Datacenter Impact Study

research · economics · sustainability · data-science

Datacenter Impact Study

Energy Institute at Haas — Undergraduate Research, 2025–2026

This research project examines how data center construction affects surrounding communities — specifically property values, employment, local tax revenue, and environmental indicators. Working under faculty at Berkeley's Energy Institute at Haas, I assembled and cleaned a multi-source dataset combining DCByte facility data, Business Insider location records, NHGIS/ACS census tract data, and Zillow ZHVI/ZORI housing indices.

Tools & Methods: Python (pandas, NumPy, statsmodels, linearmodels) for data cleaning, merging, and econometric analysis. Difference-in-differences estimation using Callaway & Sant'Anna and Sun & Abraham estimators for staggered treatment timing. Matplotlib and seaborn for event-study visualizations. Data sourced and cleaned from NHGIS/ACS (census tract demographics), Zillow (ZHVI/ZORI housing indices), and DCByte/Business Insider (facility locations and capacities). Control group construction required identifying Virginia counties with zero datacenter presence — resolved contamination issues when Fairfax County (45 datacenters) was initially included. Final clean controls: Arlington, Stafford, Spotsylvania, Clarke, Warren, Rappahannock, Orange.

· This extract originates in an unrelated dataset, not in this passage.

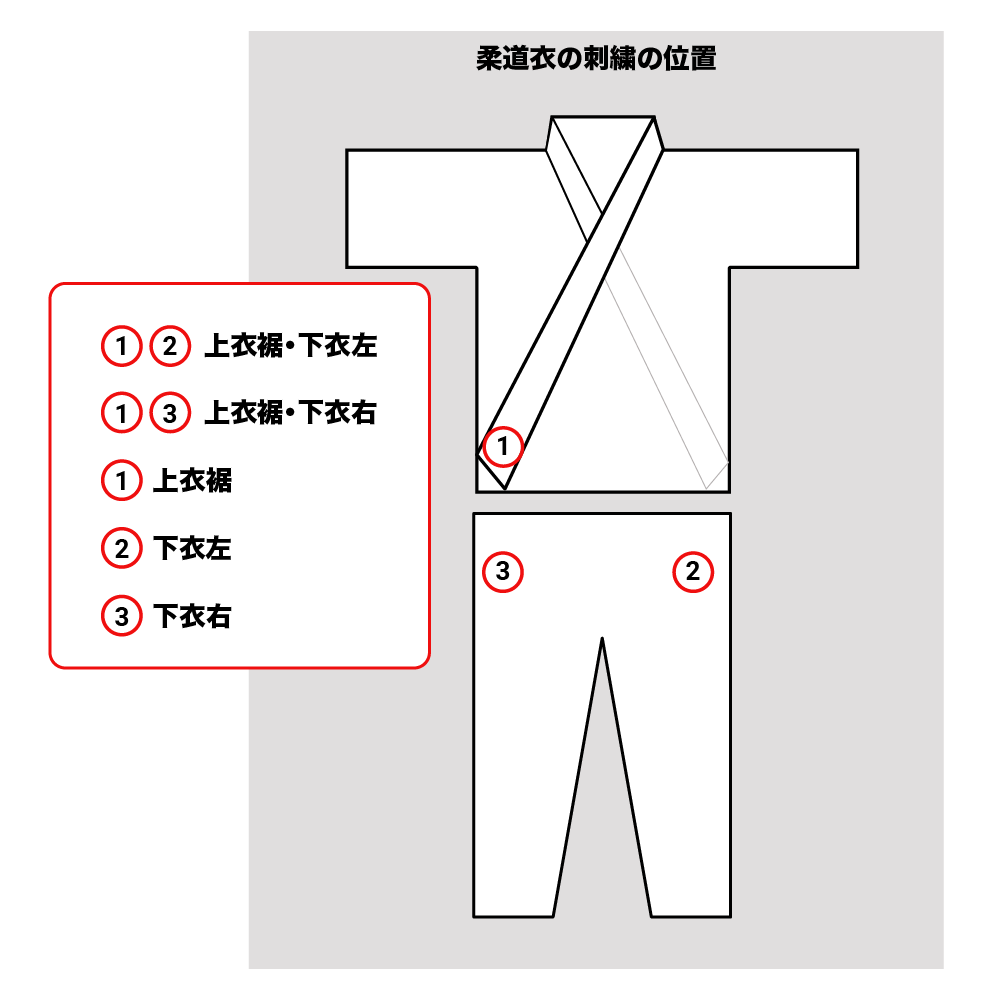 柔道衣の刺繍の位置図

Key Findings: Using January 2021 as a structural break (AI-era acceleration of datacenter construction), early results show a measurable dose-response relationship: Virginia counties ranked by permit intensity show heterogeneous housing price effects. Higher-intensity counties (Loudoun, Prince William) see statistically significant divergence from control counties in post-treatment periods. The research reframes the traditional environmental impact lens into an AI-era economic story.